Published on (
 See this if you're having trouble printing code examples

Linux Multithreading Advances

by Jerry Cooperstein

Recent advances in Linux's threading implementation are expected to continue to ease migration from other Unix-like operating systems. These advancements have arrived with intense activity on two fronts. First, thread-handling improvements have greatly enhanced the kernel's scalability even to thousands of threads. Second, there are now two fresh, competing implementations of the POSIX pthreads standard (NGPT and NPTL) set to replace the aging LinuxThreads library.

In typical open source fashion, only time will tell exactly who wins out in which arena. However, both new library implementations should be API-compatible with the standard, so the choice will depend on performance and stability. The required changes will appear in the upcoming Linux 2.6 (or 3.0) kernel and can already be tested in late development versions.

Multithreading on Linux

Threading implementations typically have components in both user and kernel space. It is possible to do everything from the one side or the other, but each approach has problems. With everything on the user side, all related threads are part of one single process (which can only run on one CPU at a time), and multi-processor systems are underutilized. With everything on the kernel side, the kernel scheduler must bear a heavy load.

Related Reading

Understanding the Linux Kernel
By Daniel P. Bovet, Marco Cesati

Approaches have ranged from the 1:1 pure kernel thread model in which each user thread has its own kernel thread, to the M:1 model in which the kernel sees only one normal process, with an arbitrary number of threads with which to schedule in user space. The M:N model falls in between, associating M user threads with each of N kernel threads.

The Linux kernel uses the clone() function to create new processes. Flags control parent/child resource sharing, where resources range from everything (memory, signal handlers, file descriptors, etc.) to nothing. While the usual fork() inherits resources from the parent, it may share nothing. Copy-on-write techniques ensure each process gets its own copy as soon as either one tries to modify a shared resource.

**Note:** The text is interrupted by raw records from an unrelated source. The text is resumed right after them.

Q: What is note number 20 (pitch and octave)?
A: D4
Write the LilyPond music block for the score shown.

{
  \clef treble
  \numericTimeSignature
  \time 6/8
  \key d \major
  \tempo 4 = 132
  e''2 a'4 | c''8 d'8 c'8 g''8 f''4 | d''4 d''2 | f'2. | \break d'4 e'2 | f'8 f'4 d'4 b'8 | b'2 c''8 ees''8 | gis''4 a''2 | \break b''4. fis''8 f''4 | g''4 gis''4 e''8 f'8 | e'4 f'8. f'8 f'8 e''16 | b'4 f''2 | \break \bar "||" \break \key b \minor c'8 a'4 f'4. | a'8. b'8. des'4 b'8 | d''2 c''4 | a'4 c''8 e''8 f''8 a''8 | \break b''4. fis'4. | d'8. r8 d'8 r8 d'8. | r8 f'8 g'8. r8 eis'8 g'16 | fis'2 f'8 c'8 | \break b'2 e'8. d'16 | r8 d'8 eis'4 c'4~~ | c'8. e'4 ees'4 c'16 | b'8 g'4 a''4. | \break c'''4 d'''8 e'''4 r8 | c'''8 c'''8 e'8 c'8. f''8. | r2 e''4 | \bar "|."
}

Programs can call the clone() function as a system call, using it directly to produce multithreaded programs. However, it is completely Linux-specific and non-portable. Since there is no external standard, there is no guarantee that its interface will be stable. Threading library implementations do in fact use the clone() system call, and it is the job of library maintainers to keep up with kernel changes.

The LinuxThreads implementation of the POSIX threads standard (pthreads), originally written by Xavier Leroy, has been the dominant one for years and is now incorporated and maintained in glibc. It has two problems on Linux:

Compliance Issues

Virtually all compliance problems can be traced to the decision to use lightweight processes (LWPs, or the 1:1 model described above) as the basis of the implementation. New processes are created by clone(), with a shared-everything approach. While the new process is lighter due to the sharing, fundamentally it is still a process in its own right, with its own process identifier (pid), process descriptor, etc.

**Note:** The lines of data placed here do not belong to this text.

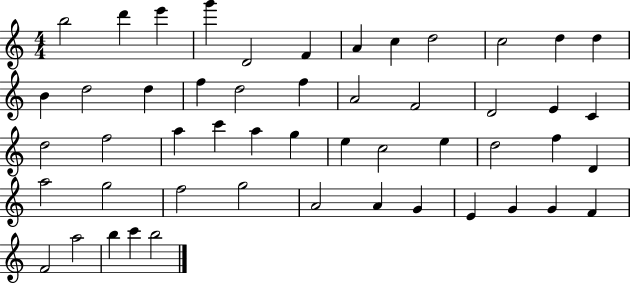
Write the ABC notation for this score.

X:1
T:Untitled
M:4/4
L:1/4
K:C
b2 d' e' g' D2 F A c d2 c2 d d B d2 d f d2 f A2 F2 D2 E C d2 f2 a c' a g e c2 e d2 f D a2 g2 f2 g2 A2 A G E G G F F2 a2 b c' b2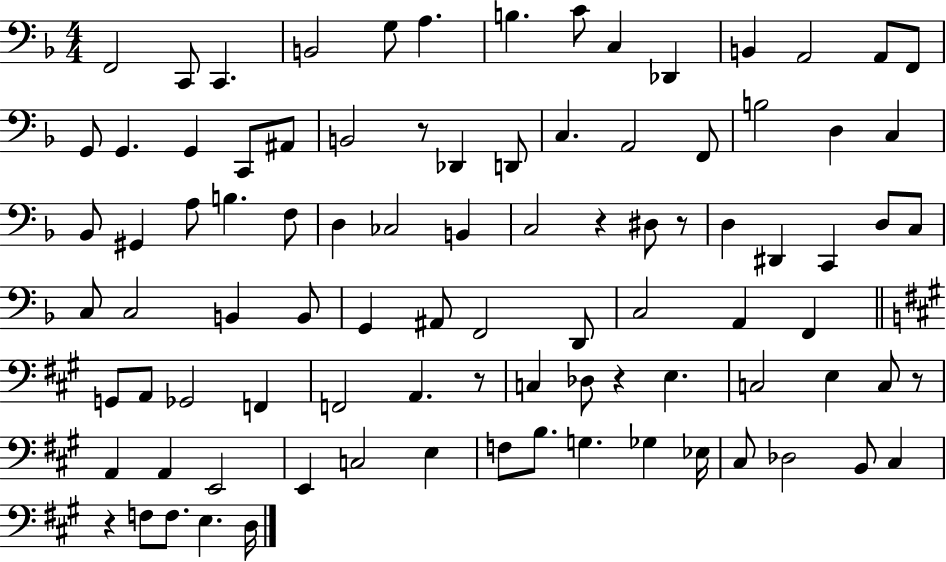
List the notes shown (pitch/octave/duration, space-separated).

F2/h C2/e C2/q. B2/h G3/e A3/q. B3/q. C4/e C3/q Db2/q B2/q A2/h A2/e F2/e G2/e G2/q. G2/q C2/e A#2/e B2/h R/e Db2/q D2/e C3/q. A2/h F2/e B3/h D3/q C3/q Bb2/e G#2/q A3/e B3/q. F3/e D3/q CES3/h B2/q C3/h R/q D#3/e R/e D3/q D#2/q C2/q D3/e C3/e C3/e C3/h B2/q B2/e G2/q A#2/e F2/h D2/e C3/h A2/q F2/q G2/e A2/e Gb2/h F2/q F2/h A2/q. R/e C3/q Db3/e R/q E3/q. C3/h E3/q C3/e R/e A2/q A2/q E2/h E2/q C3/h E3/q F3/e B3/e. G3/q. Gb3/q Eb3/s C#3/e Db3/h B2/e C#3/q R/q F3/e F3/e. E3/q. D3/s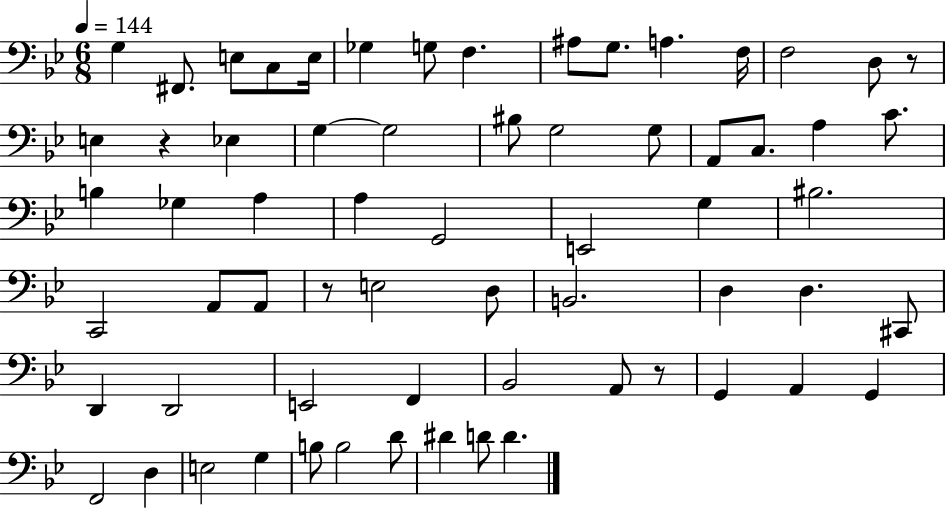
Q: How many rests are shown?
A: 4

This led to the following standards compatibility problems:

If a pthreads application were written for Linux, one could expect easy portability. However, the inverse process, porting to Linux, was more difficult and slowed Linux deployment since important applications were now broken.

Some problems were resolvable by relatively minor kernel adjustments. For example, by modifying the basic data structure describing each process, (struct task_struct) to store a thread group identifier and some other bookkeeping, and then modifying the getpid() system call to return this identifier rather than the process identifier, one problem could be solved.

However, many key kernel developers resisted attempts to modify the kernel for compliance sake. On one hand, their taste runs to technically superior solutions rather than to "cut the toes to fit the shoes" to comply with standards. On the other hand, there was an aversion to creating many threads. Sentiments like "there is no need to create more threads than there are processors" were common. Thread-prolific languages such as Java were looked at with contempt for many reasons.

Performance Issues

The main performance problem has been scalability with growing numbers of threads. These difficulties are not unique to threads, but apply in all cases where the number of processes grows large.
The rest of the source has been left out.